Rabu, 09 September 2015

Si Penghianat

                                                     

Si Penghianat

            Jam sudah menunjukan pukul 07.00 itu merupakan waktu dimulainya pelajaran sekolah. Aku bersekolah di salah satu sekolahan swasta di kota solo. Aku suka sekolah ini , pada awalnya aku memang sedih karena tidak punya teman yang bisa ku ajak ngobrol jadi kadang aku hanya diam di kelas namun sekarang aku punya seorang sahabat baik bernama Fahru.
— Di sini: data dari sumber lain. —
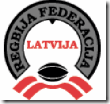 latvia-logo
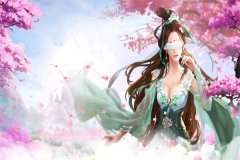 沉睡五十年，醒来儿子都成大佬了？小说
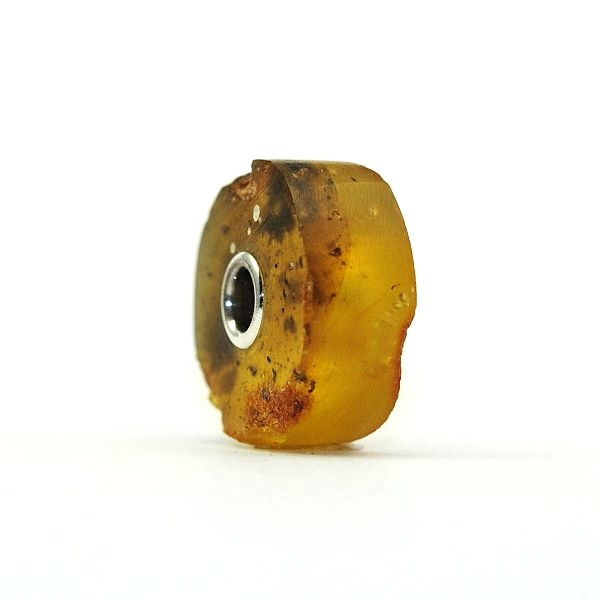 Katzenmaiers - Big Rough Amber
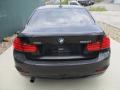 2013 3 Series 320i xDrive Sedan #4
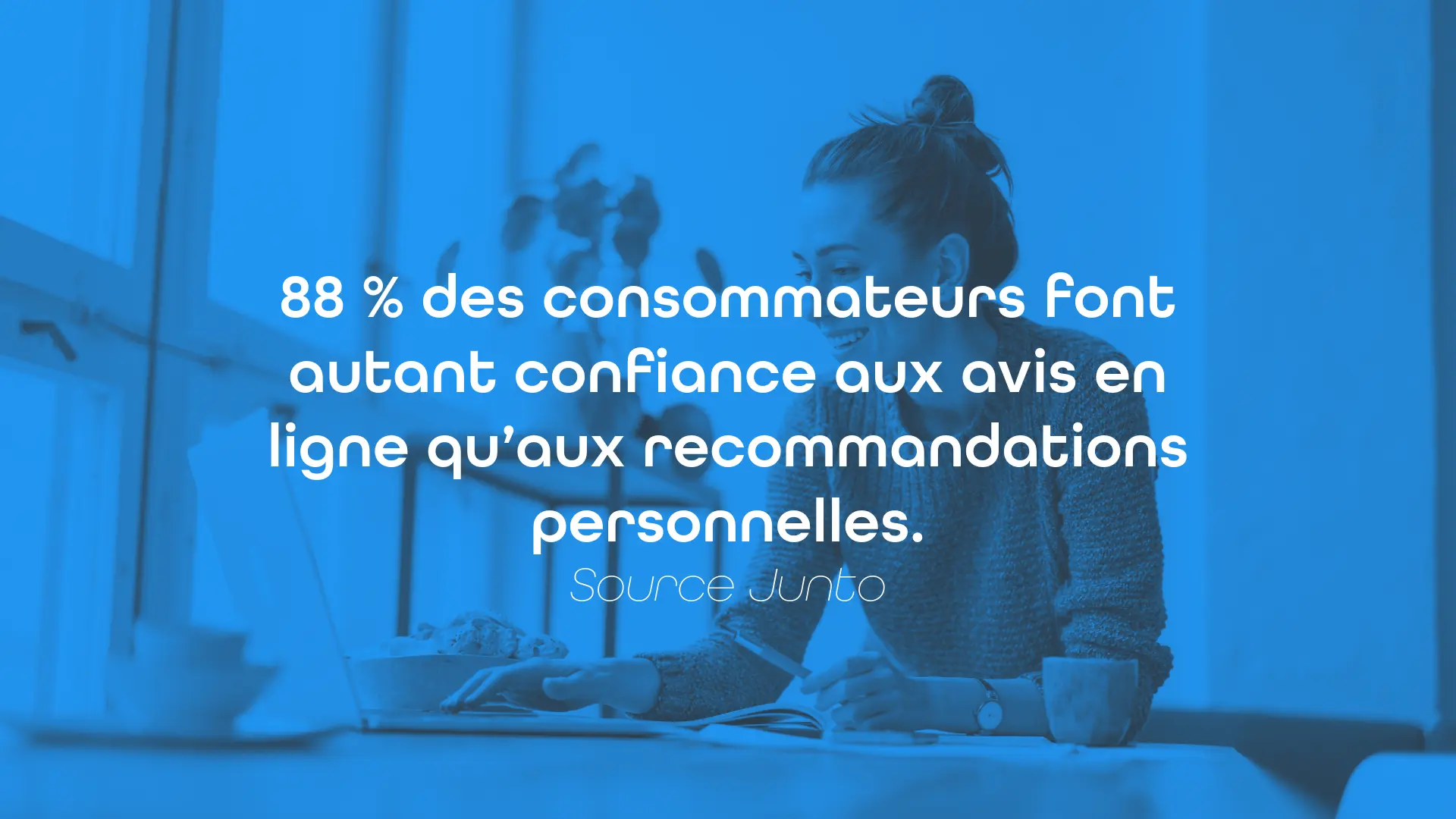 agence communication et seo bordeaux appalga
Hari itu ada yang berbeda dari diriku. Aku terlihat lebih rapih dan wangi dibandingkan hari hari biasa. Aku merubah penampilan hanya untuk menarik salah seorang gadis dikelasku. Dia adalah gadis biasa yang tak begitu terkenal ataupun populer dikelasku. Namun aku suka dengan sifatnya yang rajin dan dia juga seorang pecinta novel dia adalah Megi. Aku juga suka dengan novel, aku sering memperhatikannya meskipun dia tak pernah memperhatikanku. Aku sedikit pendiam ketika berada di kelas. Hanya Fahru satu satunya temanku yang bisa ku ajak ngobrol banyak.
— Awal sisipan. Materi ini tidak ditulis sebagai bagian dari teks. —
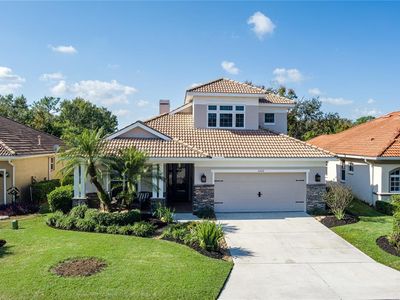 6552 Tailfeather Way, Bradenton, FL, 34203
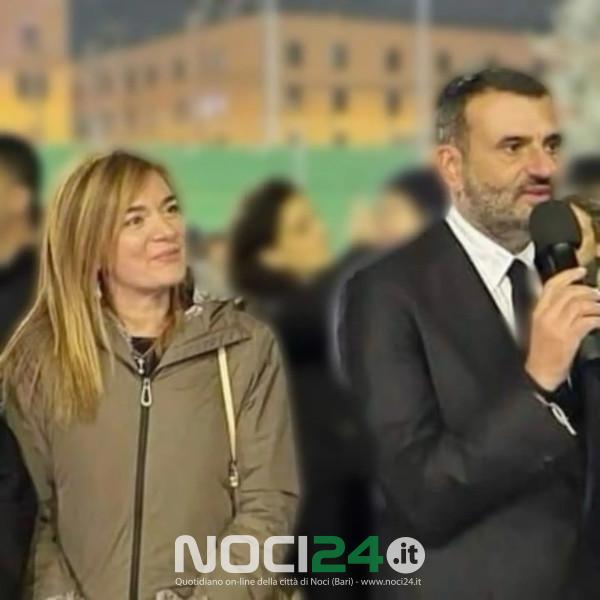 03 22 de caro parchitelli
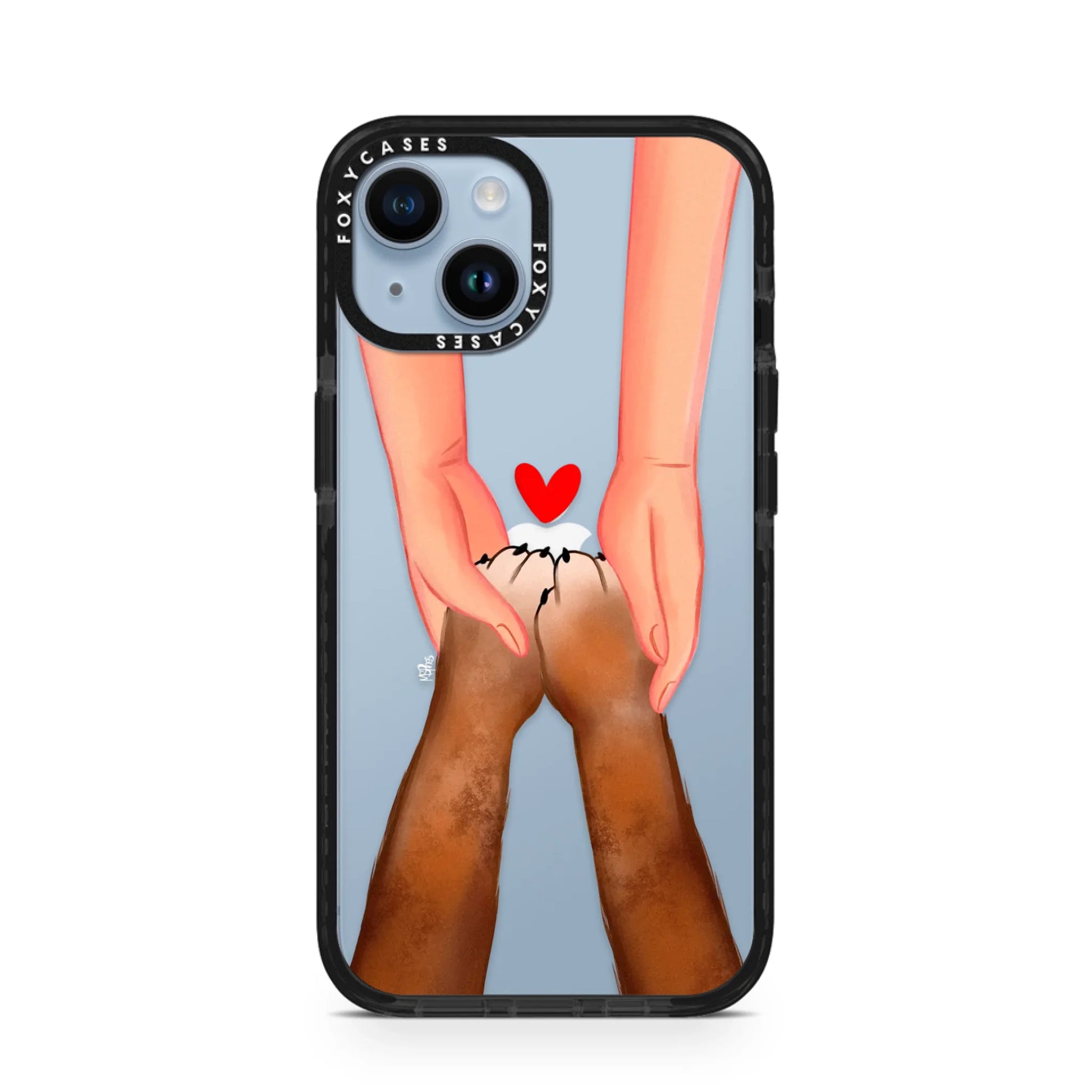 iPhone-14-Blue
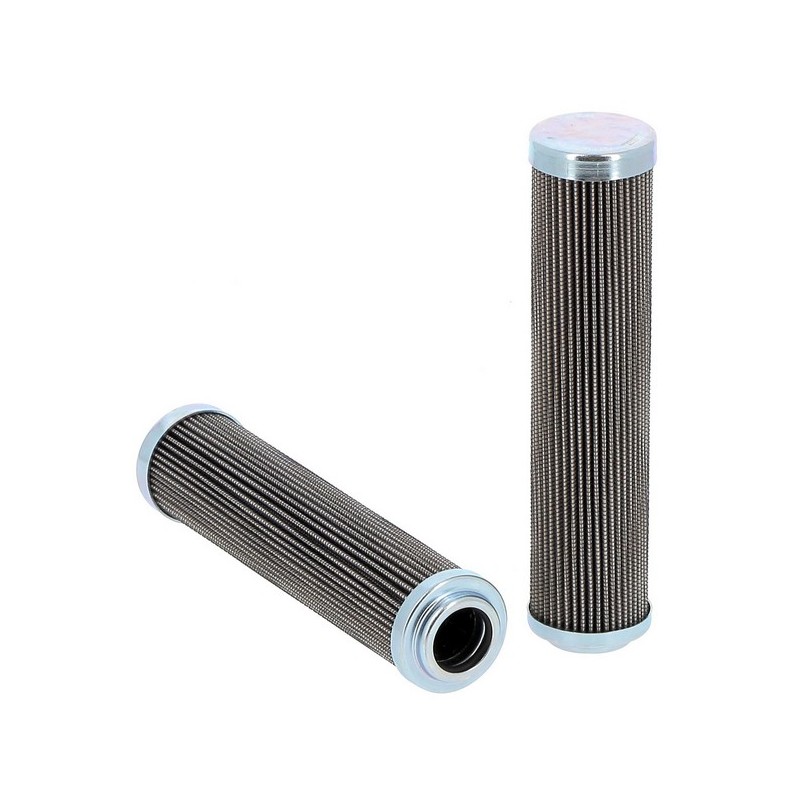 MP Filtri HP 039-4M10NAP01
            “Vin , kok ngelamun? Mikirin siapa?” tanya Fahru padaku
“Ah nggak kok ru, aku Cuma lagi mikirin kapan mau beli novel terbaru karangan Lexie Xu “ kataku bohong karena aku tak mau menceritakan Megi kepada orang lain.
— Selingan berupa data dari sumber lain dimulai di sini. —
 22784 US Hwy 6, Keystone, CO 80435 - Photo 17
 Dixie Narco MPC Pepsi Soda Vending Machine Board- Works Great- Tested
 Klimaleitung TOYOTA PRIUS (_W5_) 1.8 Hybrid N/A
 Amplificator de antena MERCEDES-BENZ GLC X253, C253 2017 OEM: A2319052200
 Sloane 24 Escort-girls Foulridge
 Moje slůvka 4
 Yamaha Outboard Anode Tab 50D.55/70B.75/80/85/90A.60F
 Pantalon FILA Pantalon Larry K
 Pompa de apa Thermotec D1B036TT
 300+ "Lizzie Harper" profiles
“Beneran nih? Kalo gitu ayo nanti aja sekalian aku mau beli komik Naruto nih” ajaknya , aku pun meng iyakan nya dengan spontan.
Waktu sekolahpun usai aku segera berkemas untuk segera ke toko buku bersama Fahru. Tetapi saat itu aku melihat Fahru dan Megi asik ngobrol berdua dibawah pohon di lapangan sekolah. Hatiku saat itu dipenuhi panas cemburu. Aku hanya menahan dan berfikir positif kalau Megi hanya berteman dengan Fahru. Namun ketika aku membalikkan badan saat ingin meninggalkan lapangan aku mendengar suara yang membuat hatiku benar benar hancur.
            “Megi , maukah kamu jadi pacar aku?” Kata sahabatku Fahru
“Umm gimana ya ru.. aku sebenernya juga tertarik sama kamu.. tapi..” kata Megi   yang belum selesai mengucapkan kalimatnya
“ah, aku tau kamu suka ya sama Melvin?” kata Fahru
“bu..bukan begitu ru... aku memang tertarik sama Melvin tapi jujur aku juga suka sama kamu” kata Megi
Rasanya Waktu berhenti begitu saja, daun daun yang berguguran melengkapi suasana hatiku saat itu , disaat itu pula aku berkata kepada diriku sendiri
            “Andai saja aku nembak dia duluan, pasti gak akan jadi begini”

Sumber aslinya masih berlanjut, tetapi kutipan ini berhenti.